Paper No. 210-6
Presentation Time: 9:40 AM
LATE QUATERNARY EARTHQUAKES ON THE CANYON RIVER FAULT, OLYMPIC MOUNTAINS, WASHINGTON: LINKING ACTIVE FAULTS IN THE PUGET LOWLAND TO OFFSHORE CASCADIA (Invited Presentation)
Active faulting and crustal deformation above the Cascadia subduction zone is driven by oblique plate convergence and clockwise rotation of the overriding North American plate. Along the south flank of the Olympic Mountains, we used field techniques and lidar analysis to map a ~60 km-long ENE-trending zone of scarps and topographic lineaments along the Canyon River fault.
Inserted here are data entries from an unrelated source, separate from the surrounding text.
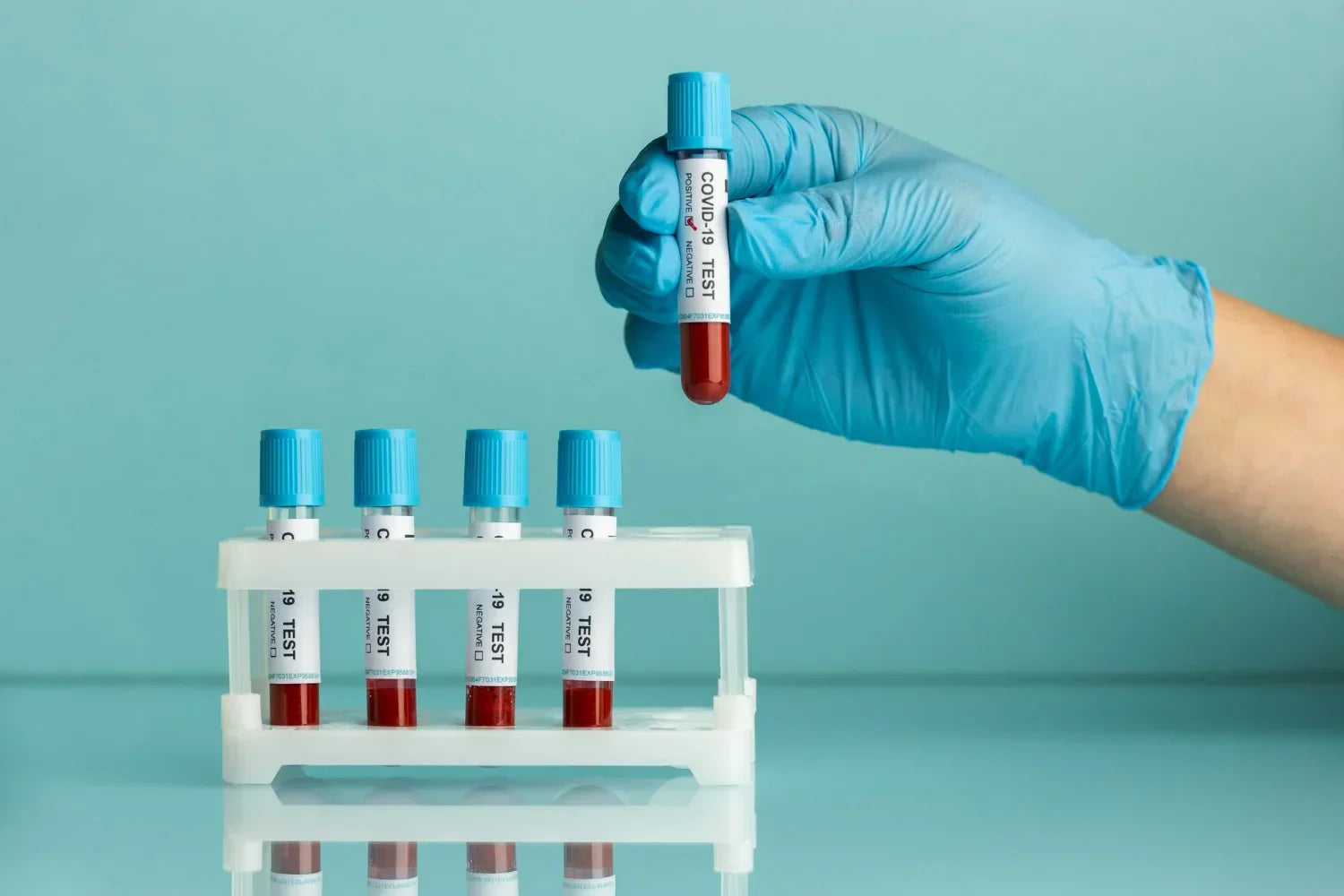 Important Things to Consider When Choosing Blood Collection Tubes
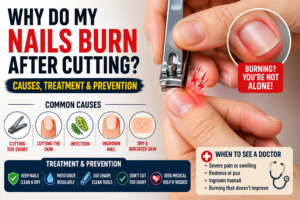 Why Do My Nails Burn After Cutting? Causes, Treatment & Prevention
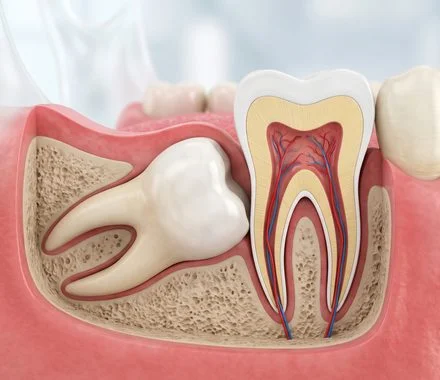 Ilustração de dente siso incluso pressionando o dente vizinho – extração de siso em Indaiatuba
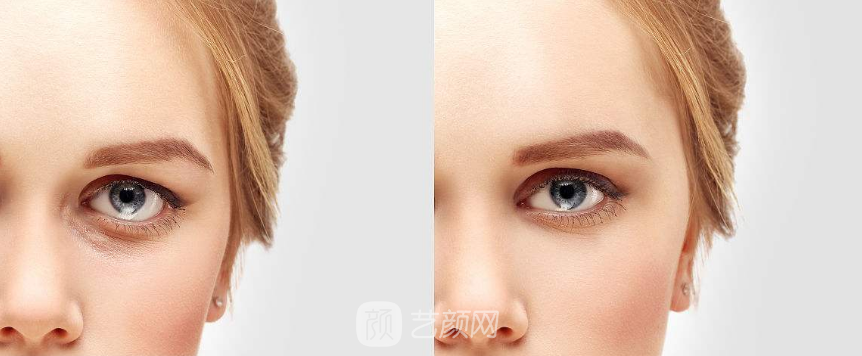 激光祛眼袋價(jià)格貴嗎？大概需要多少錢(qián)？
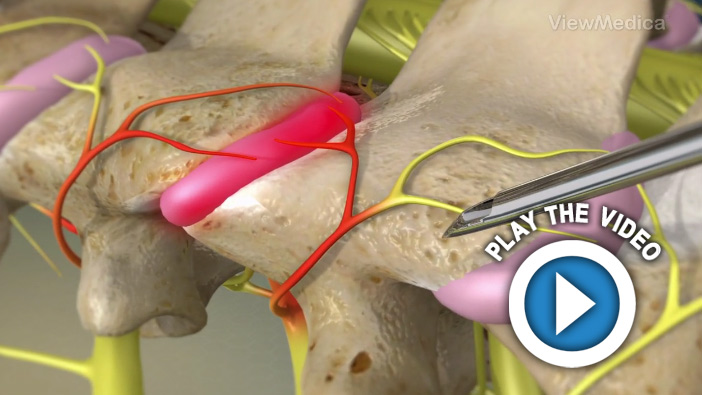 Cervical Facet Radiofrequency Neurotomy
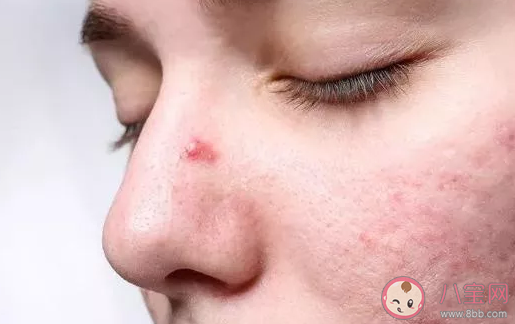 戴口罩长痘痘怎么回事 戴口罩闷痘的原因 戴口罩长痘痘怎么回事 戴口罩闷痘的原因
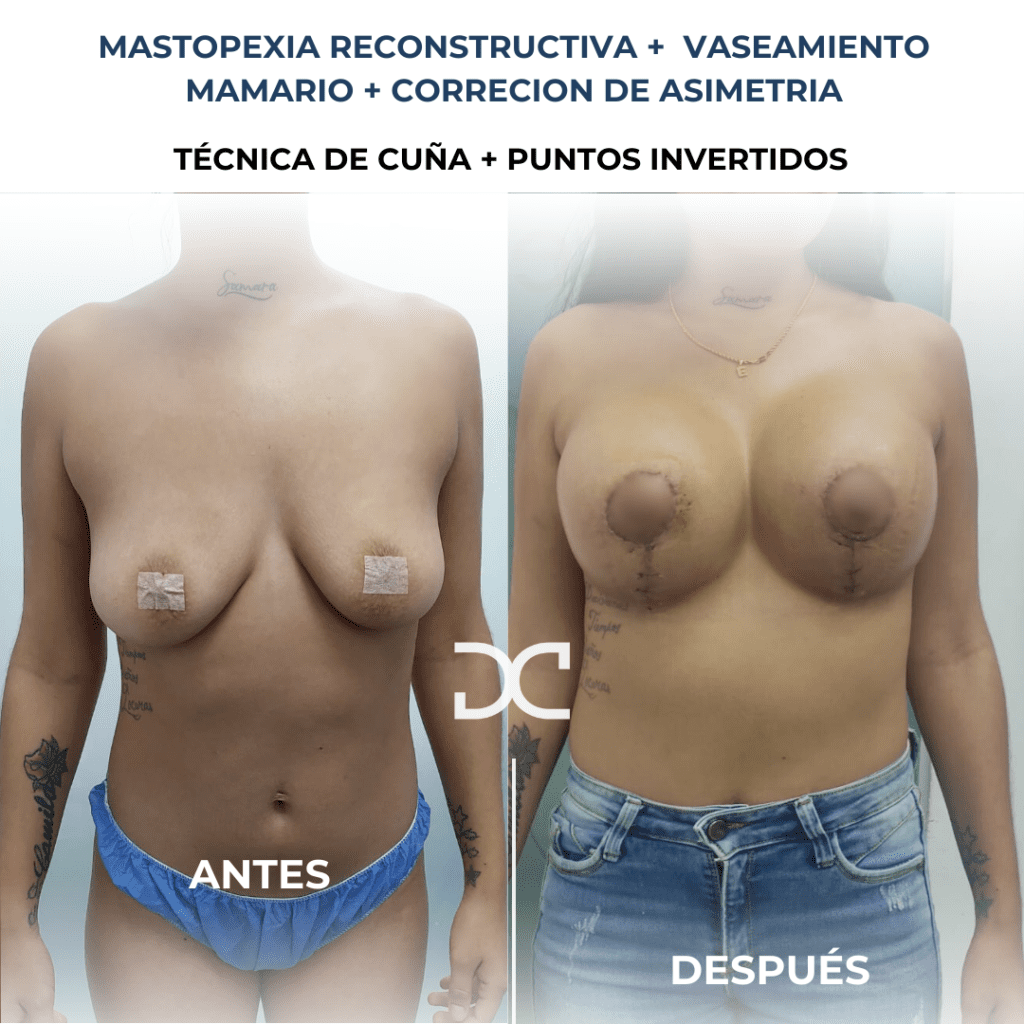 Copia de Añadir un subtítulo (6)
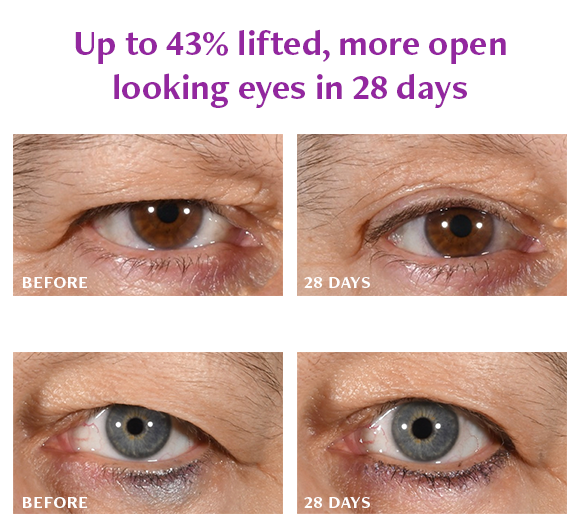 Total Eye Repair Bundle Freezeframe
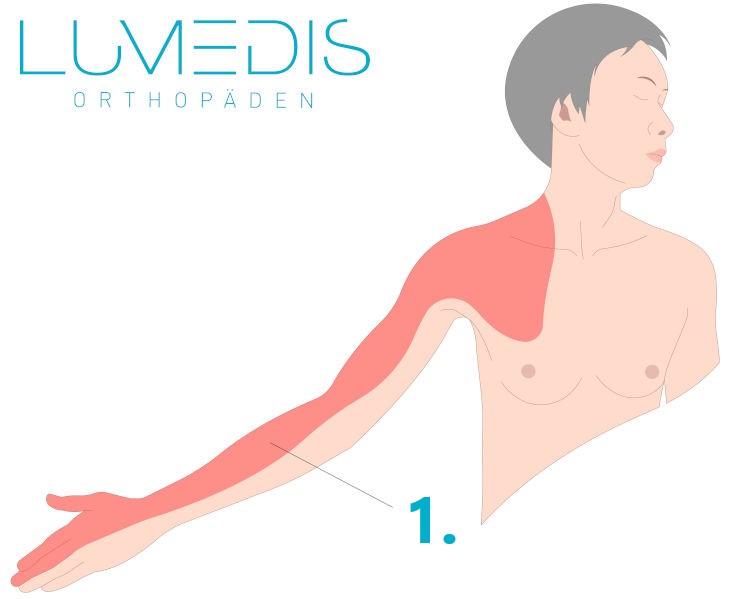 Schmerzen bei einem Thoracic-outlet-Syndrom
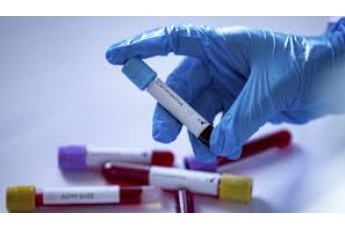 Скільки тестів на виявлення коронавірусу наразі є в Україні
In the Wynoochee River valley, we mapped south-side-up scarps that cut at least four levels of latest Pleistocene to Holocene fluvial terraces, and excavated two scarp-perpendicular trenches (Mosquito and Zebra) to investigate the causes and timing of scarp formation. The 5.5 m-deep Mosquito trench crossed a 2–3 m-high scarp that cuts a terrace underlain by 9 ± 2 ka fluvial sand and gravel. Gravel beds are monoclinally folded across the ~20 m-wide scarp, but brittle faults or the underlying strath were not observed. The 3.5 m-deep Zebra trench crossed a 6–7 m-high scarp in older (~9–15 ka) terrace deposits ~250 m east of Mosquito trench and exposed a steep north-dipping fault zone that forms a negative flower structure. Fault plane striae (slickenlines) have shallow orientations (average rake of 032°), similar to slickenlines in a trench 12 km to the east (Walsh and Logan, 2007), providing evidence that the Canyon River fault accommodates south-side-up, left-lateral slip. More than half of the scarp height at the Zebra trench is the product of non-fault scarp-forming processes north of the fault zone, including fluvial downcutting and a possibly coseismic landslide. We interpret three late Quaternary surface-rupturing earthquakes from trench colluvial-wedge stratigraphy, upward fault terminations, and tree roots buried a meter below the modern root zone. Pending radiocarbon and luminescence ages for trench units will constrain the ages of these prehistoric earthquakes. The Canyon River fault is part of a kinematic link between Holocene faults in the Puget Lowland (e.g., Seattle, Saddle Mountain, Frigid Creek faults) and faults and folds north and east of Grays Harbor, possibly including latest Pleistocene structures that continue offshore. Our estimates of paleoearthquake recurrence, rupture length and magnitude will aid seismic hazard analyses and improve our understanding of the onshore-offshore structural linkages in Cascadia’s upper plate.